Floss Newman was Castle Warden for nearly five years until her death in 2019. Floss loved Newark Castle and put her heart and soul into its upkeep.
Floss spent many hours researching King John and below are her thoughts - perhaps he wasn't as bad as people think!
"Before becoming Newark Castle Warden I had never really taken much notice of King John and along with the majority believed him to be not only a bad king but an evil man. After months of trawling through books, magazine articles and web pages I now have a soft spot for this much maligned King.
He is always portrayed as the man responsible for heavy taxation and the enemy in the Robin Hood folklore. However, if you look at the facts it was his brother and his father before him that had started England's spiral into financial decline. In fact Richard the great lionheart and fighter of Christendom who was much loved by his people spent less than seven months in England during his 10 year reign. Englishmen paid dearly to support a campaign more than 2000 miles away in a land that they knew nothing about, paid up again for a huge ransom for his return from captivity in Germany, only to see him disappear to fight in France where he was again kidnapped. This time when England had paid another hefty ransom, he was mortally wounded in another battle in France.
Back in England it was the responsibility of his brother John to raise these monies to free his brother and fund his appetite for war. Unfortunately for John, it also tarnished his name. By the time of John's death the country was in a poor financial state. A heartbroken John did not want the pomp of a Westminster burial as the country could not afford it. Instead he is buried at Worcester cathedral between two saints as he hoped this would give him a better chance of going to heaven.

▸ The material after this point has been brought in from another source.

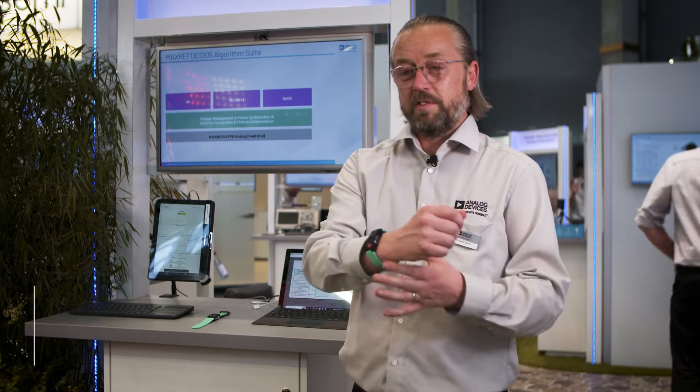Hi, my name is Richard Ward from Analog Devices and today I'm going to talk about the MaxRevDev105, which is a wrist-worn evaluation platform showing our latest algorithms and optical sensor, which is the Analog Frontend.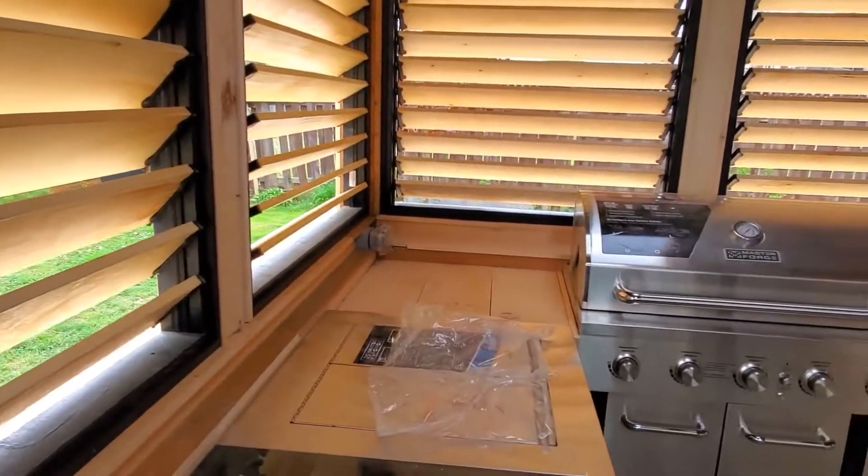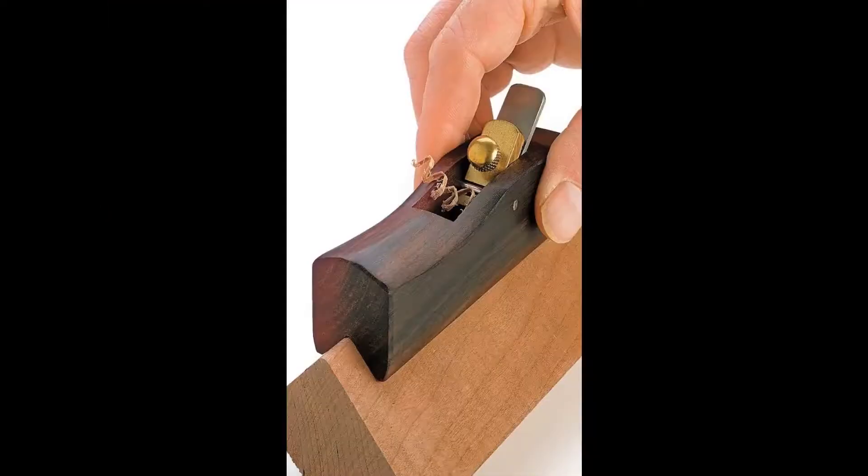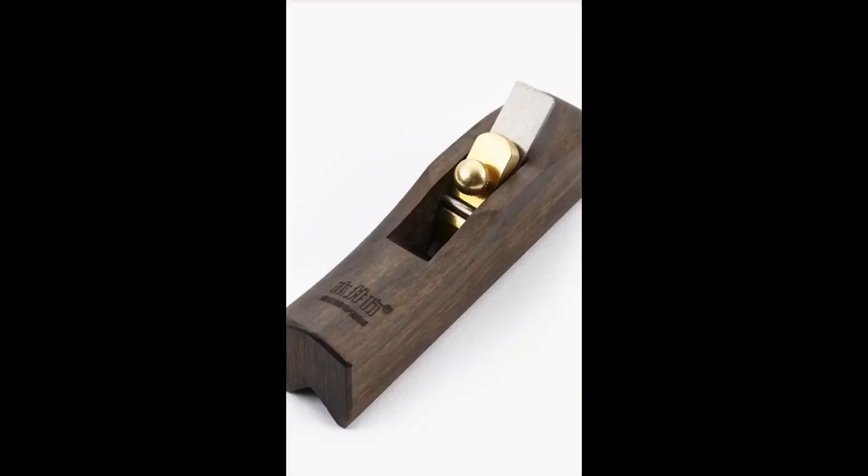What I used was a Lee Valley mini edge rounding plane. This plane worked really well in easing the corners very quickly. I think the end result turned out really nice. I particularly like the color of the pine against the black frames.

1216, as well as the year of John's death at Newark Castle on the night of 18 October, was when he lost his war chest of cash and jewels in The Wash. John fell ill at Swineshead during one of his power struggle battles with his barons. On route back to London he stopped at Newark Castle and it is here his journey ended."
The staff and volunteers at the Castle and at Newark and Sherwood District Council are deeply saddened by Floss' passing and we will work to ensure her memory lives on.